Arthur C. Danto y el fin de la belleza

No hace mucho, la belleza aún era
considerada el baremo casi unánime del arte; hoy el mundillo artístico la
considera un concepto prescindible, un fetiche, cuando no directamente un
delito. Esta transformación se debe en parte al filósofo norteamericano Arthur
Coleman Danto, fallecido el 25 de octubre de 2013 a los 89 años.
Autor de obras como La transfiguración del lugar común, El abuso
de la belleza o El fin del arte —a menudo criticadas desde el
ámbito académico europeo, pero tremendamente exitosas entre los gestores de
museos cuyas prácticas contribuyó a apuntalar—, Danto reconoció en una de sus
últimas entrevistas que su caída del caballo ideológico se produjo en 1964,
cuando se topó en una galería neoyorquina con una ‘escultura’ de Andy Warhol
titulada Brillo Box. Ya saben: esa pila de paquetes de detergente
exactamente iguales que los fabricados por una conocida marca comercial. El
hecho de que una pila de paquetes de detergente pudiera llegar a ser arte minó
radicalmente sus principios, de suerte que pronto llegó a la conclusión de que
aquella extraña transmutación alquímica sólo podía explicarse desde una
perspectiva antiestética.
“Pensándolo bien”, se dijo, “lo importante de una obra de arte no son sus valores formales, su belleza, sino su contenido, su significado”. Pero hablar del ‘significado’ en vez de la ‘belleza’ no le pareció en el fondo un gran progreso, salvo si se recaía en el sociologismo marxista más plano, por aquella época en boga merced a las obras de Arnold Hauser y sus mediocres acólitos. Danto fue hábil: sorteó el peligro de llenar su ‘significado’ con infraestructuras económicas, contenidos materiales o cosas por el estilo, pero a cambio acabó explicando el ‘significado’ en los términos, no menos aburridos, del llamado ‘mundo del arte’. Formado por los creadores y los críticos, por los marchantes y los comisarios (pero no por el público lego), el Mundo del Arte —más conocido en España como ‘mundillo del arte’— era el que decidía si un objeto tenía o no un ‘significado’ más del puramente funcional y, por tanto, también si constituía una genuina ‘Obra de Arte’. Antes de la Obra del Arte estaba el Mundo del Arte: y esto era así fuese tal obra bonita o fea, mimética o grotesca, o incluso aunque careciese —como en el arte conceptual más extremo— propiamente de forma. Bastaba con que la ‘Institución Arte’ —el nombre pomposo que también recibe el ‘Mundo del Arte’— dictaminara ‘esto es arte’, para que, por arte de alquimia o de magia ostensiva, aquello acabara siéndolo.

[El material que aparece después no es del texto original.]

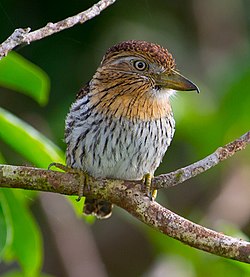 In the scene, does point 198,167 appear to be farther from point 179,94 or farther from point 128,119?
point 179,94

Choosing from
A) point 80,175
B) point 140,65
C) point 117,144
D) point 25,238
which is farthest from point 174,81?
point 25,238

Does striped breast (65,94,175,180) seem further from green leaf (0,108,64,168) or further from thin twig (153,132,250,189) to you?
thin twig (153,132,250,189)

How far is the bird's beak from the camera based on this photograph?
333 centimetres

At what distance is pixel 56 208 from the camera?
16.9 feet

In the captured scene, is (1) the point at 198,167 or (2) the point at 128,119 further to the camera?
(2) the point at 128,119

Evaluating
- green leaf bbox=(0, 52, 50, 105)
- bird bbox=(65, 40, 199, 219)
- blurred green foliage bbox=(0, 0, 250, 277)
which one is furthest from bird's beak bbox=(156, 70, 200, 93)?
blurred green foliage bbox=(0, 0, 250, 277)

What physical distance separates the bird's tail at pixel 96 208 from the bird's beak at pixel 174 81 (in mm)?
561

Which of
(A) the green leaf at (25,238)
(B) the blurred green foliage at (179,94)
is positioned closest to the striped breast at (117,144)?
(A) the green leaf at (25,238)

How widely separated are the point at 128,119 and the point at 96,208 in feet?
1.45

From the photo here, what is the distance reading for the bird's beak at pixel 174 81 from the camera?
3.33m

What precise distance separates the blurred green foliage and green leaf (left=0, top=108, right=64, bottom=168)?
1.12 meters

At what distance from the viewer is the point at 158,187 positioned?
2869 millimetres

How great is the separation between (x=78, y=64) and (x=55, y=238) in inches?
44.5

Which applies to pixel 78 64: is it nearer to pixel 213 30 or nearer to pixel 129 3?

Por supuesto, Danto no es culpable de la banalidad y del caos que esta
convicción ha provocado en la autista Institución, Mundo o mundillo, ni tampoco
del foso de incomprensión que hoy separa al presunto arte genuino de los gustos
del ‘vulgo’. Simplemente se limitó a dar testimonio de un proceso al parecer
imparable, y a describirlo con términos afortunados. «Intento explicar, desde
el punto de vista de la historia del arte, por qué se fue la belleza y nunca
más volvió», declaraba poco antes de morir. Por eso sorprende que, también al
final, nuestro filósofo a martillazos acabara reconociendo que sus obras
preferidas eran las de Cy Twombly, Sean Scully y la pintura abstracta en
general. ¡La pintura abstracta! Precisamente la única que, pese a todos los
envites conceptuales y neodadaístas de las neosupervanguardias de la segunda
mitad del siglo XX, no se había movido ni un palmo de su insoslayable condición
estética: la única que, pese a todo, sólo quería seguir siendo bella.